The Billionaire Bargain #3(5)







THREE


Damn, but that man looked good enough to eat. My dreams hadn’t lied to me—he was ripped, almost bursting the buttons of his white starched pressed shirt, black slacks complementing the powerful lines of his legs. A lock of golden-brown hair dangled above those mocking blue eyes, his full lips twisted in a sardonic smirk.

“I—I—I—” I stammered. “I wasn’t expecting you—”

“Yes?” he said, distantly amused. “Presumably you did have something to say, however, so why don’t you get on with it.” He yawned, strolling to the window and examining his cuff link in the light there. “Could you hurry it up a little? I’ve things to do.”

His voice was ice cold, his humor nothing more than a knife. He spoke to me as if I were insignificant.

He spoke to me as if I were a stranger.

I took a deep breath and tried to tamp down my feelings. Professional, I was going to be professional. “What’s with the money in my bank account?”

“Surely you’re familiar with the concept of payment for services rendered,” Grant said cuttingly. I could feel my cheeks burning, but a worthy comeback eluded me.

He turned to me, and looked my body up and down with a distant sort of distaste, as if I were a poorly planned purchase he was glad to have returned to the store. “You performed…a service. You’ve been compensated. End of story.”

“I told you that I didn’t want money—” I choked out.

“It will hardly fit the PR profile if I don’t pay you off with something,” Grant said, cutting me off with a dismissive wave of his hand. “Certainly no one could argue that you didn’t deserve it. Yours was a flawless performance of affection and loyalty—no one could have doubted it.” He smiled, and there was no joy in it, but for a moment I caught a flicker in his gaze, almost caught sight of the old Grant hiding there before he turned his back on me and stared out the window. “Your artifice helped buy time to turn this company around.”

“That’s not the point,” I said, stung without really understanding why. I hadn’t really been performing, I really had loved him—but he wanted the performance, so why was he upset? Why was I insulted? “I can’t accept—”

“It’s not like you don’t need it,” he interjected. I felt my cheeks flame again, hating that he was right. Grant turned and edged toward the door, making to leave. “I’ve seen the state of your apartment, remember. Of course, there are some things this won’t be able to fix, like your propensity for John Steed posters. It really is a pity that money can’t buy taste.”

Fresh anger rose in my veins like magma in a volcano. “Dammit, Grant, we still have to work together. Can’t you at least be civil!?”

It was the wrong thing to say.

Grant’s entire body locked tight, and he wheeled around, stalking slowly towards me while the rage built like blue flames in his eyes. “Oh, I doubt you’ll be working here much longer, Lacey. A talented girl like you, I’m sure you’ll find somewhere else much more suited to your ambitions.”

His words were like a slap in the face. “Oh, are you firing me now?” I snapped, refusing to back down. “That’s your modus operandi, isn’t it, as soon as someone disagrees with you or doesn’t give you exactly what you want—”

“Don’t talk about things you don’t understand,” Grant snarled. The ice was completely gone now, replaced by fire. “You never understood me, and you never understood the company. You just needed us as stepping stones on your way to bigger and better things, so I suggest that while we have to ‘work together’—” he was right across the desk from me now, his hands gripping the wooden edge—“you stay the hell out of my way, and don’t try for one second to pretend you ever cared about…about this company.”

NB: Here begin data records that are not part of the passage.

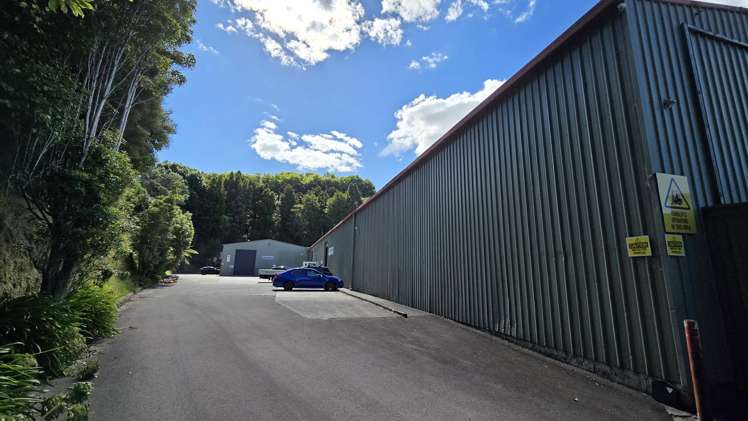 Tenancy 7/130 Maleme Street Greerton_8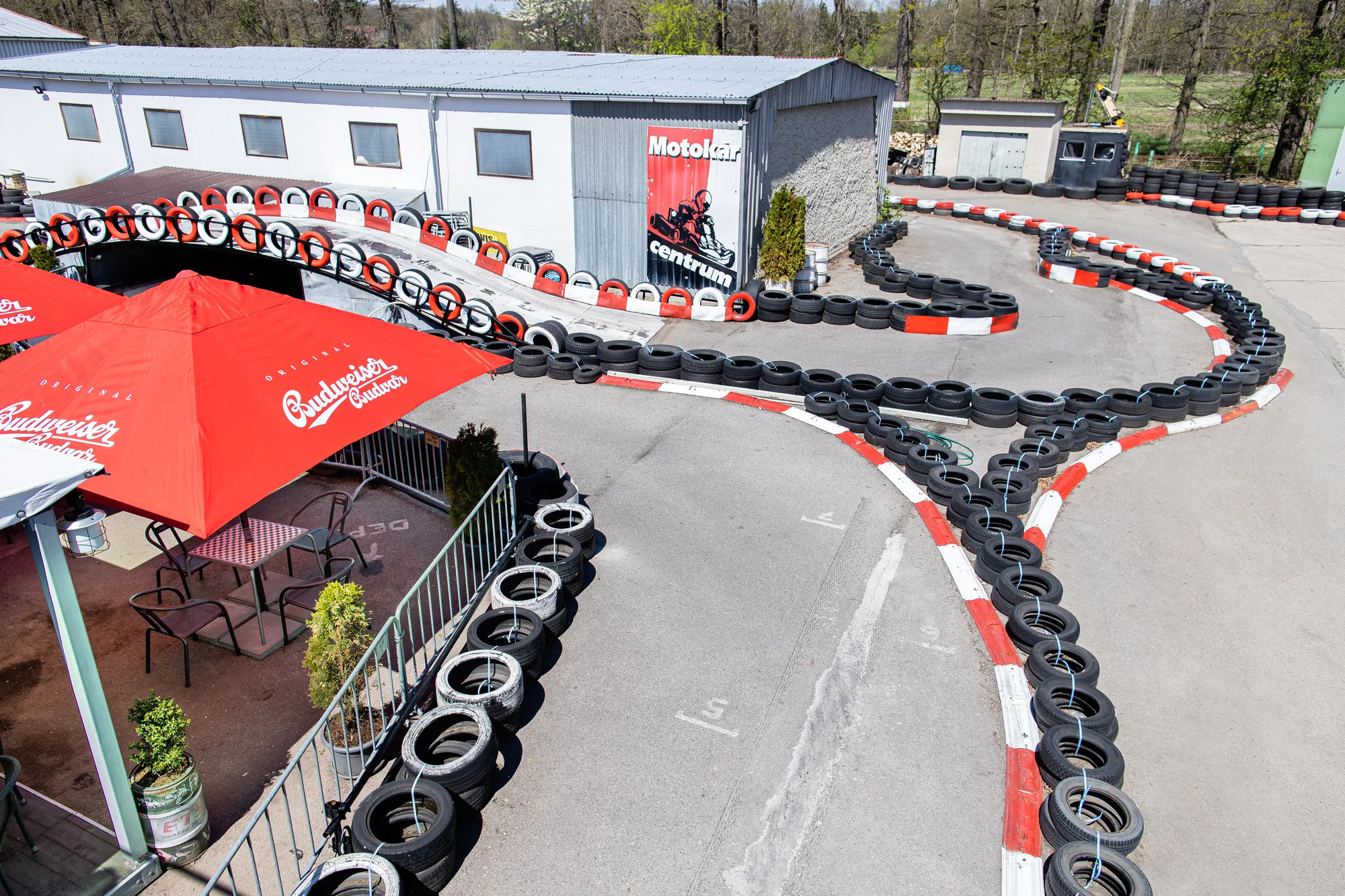 Svižná jízda motokárou pro děti i dospělé: adrenalin a zábava na ověřené trati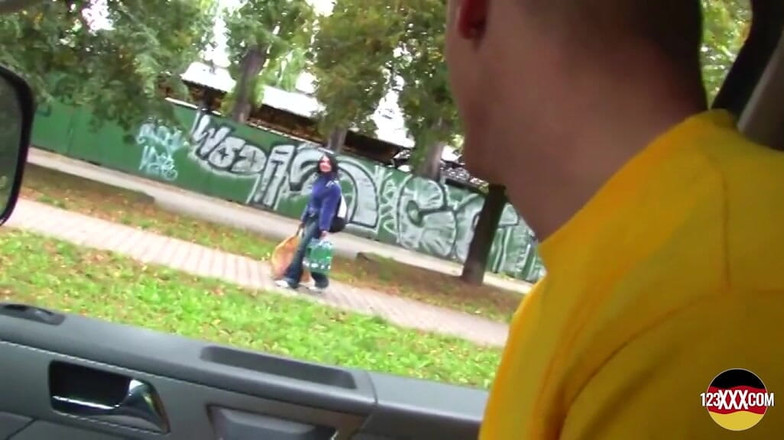 123XXX - Fucked Amateurs in Germany!: Mentimun lebih enak di salad, tapi kontolnya enak banget dientot...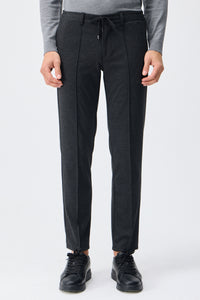 Conjunto de blazer e calça social masculino em malha macia cinza-carvão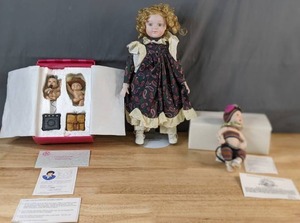 lot 507 image: Collection of Porcelain Dolls Pair of Marie Osmond Wee Bees, Papa Tung Doll, Doll with Stand - V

He stood on the other side of the desk, seething down at me, and my own anger allowed me to meet his gaze with a matching fury.

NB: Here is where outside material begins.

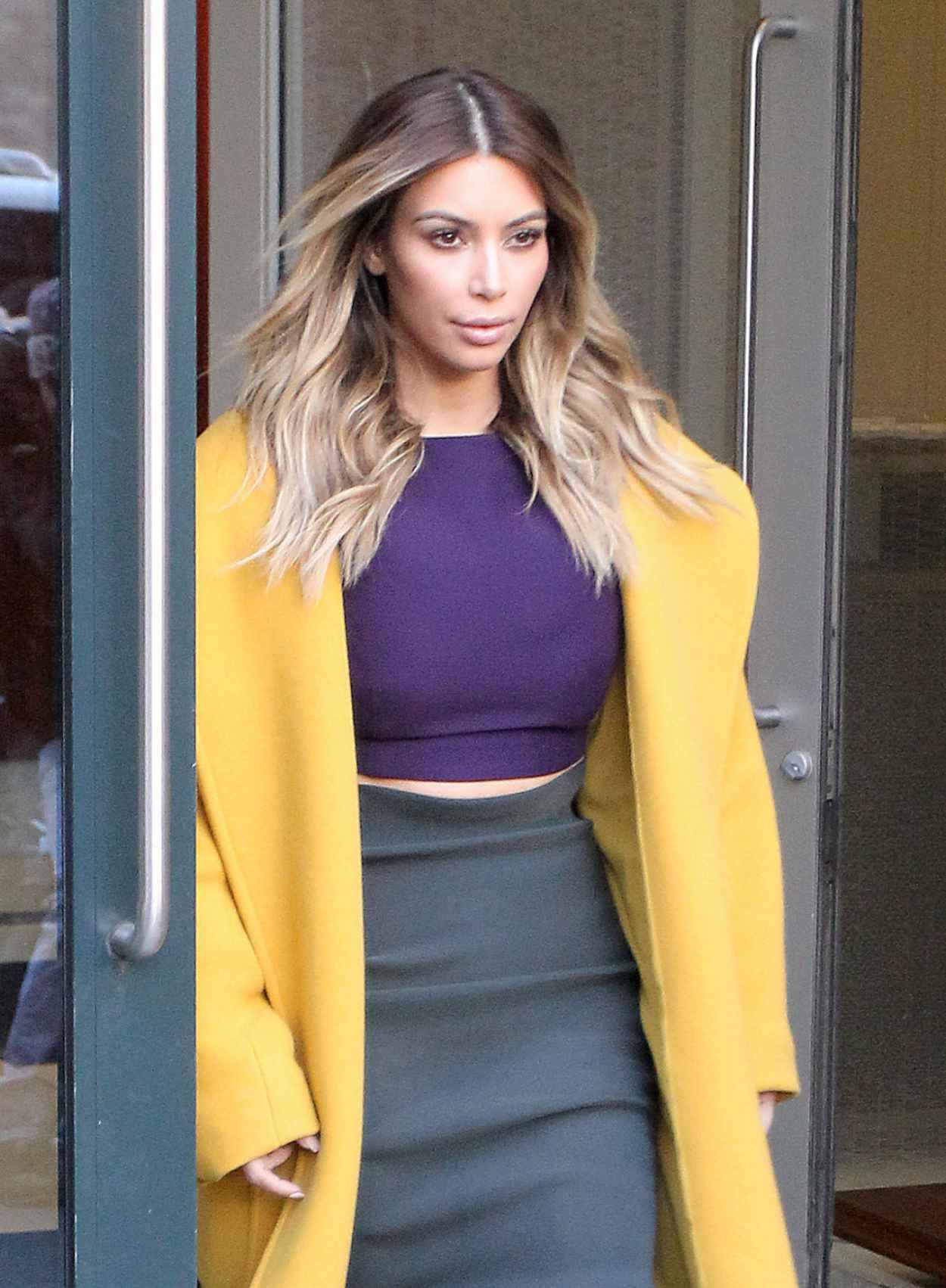 Kim Kardashian Style - Leaving Kanyes Apartment in New York City - November 2015-5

As I shot to my feet, my legs and my voice both shaking with rage, I grabbed his lapel and yanked him even closer toward me. “How dare you say I don’t care about the company when—”

My hand was on his lapel.

“When…” I repeated.

My mouth forgot what it was saying.

My hand was on his lapel, and his mouth was so close to mine, and we were both breathing so hard, and his pupils were dilated and he just smelled so good and I wanted to grab him and kiss him and say that I never wanted to leave him and that I never would again, never—

Grant’s eyes went cold again. “No need to get hysterical, Miss Newman.” He plucked my hand from his lapel gingerly, as if it were a fly he had found in his soup. “It was only business. I don’t see what you’re getting so emotional about. You wanted it over.” He smiled, and I shivered at how empty and dead an expression it was. “So it’s over.”

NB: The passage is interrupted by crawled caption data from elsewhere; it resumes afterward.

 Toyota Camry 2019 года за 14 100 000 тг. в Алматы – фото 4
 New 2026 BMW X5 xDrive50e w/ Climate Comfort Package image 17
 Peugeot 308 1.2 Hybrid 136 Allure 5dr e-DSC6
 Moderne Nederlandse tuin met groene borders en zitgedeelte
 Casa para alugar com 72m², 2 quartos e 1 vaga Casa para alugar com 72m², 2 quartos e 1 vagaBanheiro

He stalked to the door and pulled it open, revealing a cluster of employees who had been eavesdropping just outside. They froze mid ear-strain before scattering back to their cubicles and copy machines. Great. Just what I needed: more fuel for the gossip inferno. More fires to put out.

Grant turned back, silhouetted in the doorway, and my pathetic, traitorous heart leapt into my throat, but all he said was, “Best to move on, Miss Newman.”